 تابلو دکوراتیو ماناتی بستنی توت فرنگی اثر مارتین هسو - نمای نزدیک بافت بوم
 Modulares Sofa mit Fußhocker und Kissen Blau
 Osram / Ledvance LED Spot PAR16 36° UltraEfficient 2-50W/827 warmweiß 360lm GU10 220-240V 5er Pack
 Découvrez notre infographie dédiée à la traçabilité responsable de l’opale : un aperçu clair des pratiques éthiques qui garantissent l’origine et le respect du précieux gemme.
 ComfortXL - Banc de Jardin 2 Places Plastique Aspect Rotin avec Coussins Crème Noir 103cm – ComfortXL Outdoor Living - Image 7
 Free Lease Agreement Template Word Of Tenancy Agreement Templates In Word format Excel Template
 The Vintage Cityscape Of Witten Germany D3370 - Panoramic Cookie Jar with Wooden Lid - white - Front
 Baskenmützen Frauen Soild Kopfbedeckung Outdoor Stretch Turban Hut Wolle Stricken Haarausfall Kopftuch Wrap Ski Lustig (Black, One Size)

━━━━━━━━━━━━━━━━

Give back exactly the lines starting at the one with "Osram / Ledvance" and running to the end of the listing. Include both ends.

 Osram / Ledvance LED Spot PAR16 36° UltraEfficient 2-50W/827 warmweiß 360lm GU10 220-240V 5er Pack
 Découvrez notre infographie dédiée à la traçabilité responsable de l’opale : un aperçu clair des pratiques éthiques qui garantissent l’origine et le respect du précieux gemme.
 ComfortXL - Banc de Jardin 2 Places Plastique Aspect Rotin avec Coussins Crème Noir 103cm – ComfortXL Outdoor Living - Image 7
 Free Lease Agreement Template Word Of Tenancy Agreement Templates In Word format Excel Template
 The Vintage Cityscape Of Witten Germany D3370 - Panoramic Cookie Jar with Wooden Lid - white - Front
 Baskenmützen Frauen Soild Kopfbedeckung Outdoor Stretch Turban Hut Wolle Stricken Haarausfall Kopftuch Wrap Ski Lustig (Black, One Size)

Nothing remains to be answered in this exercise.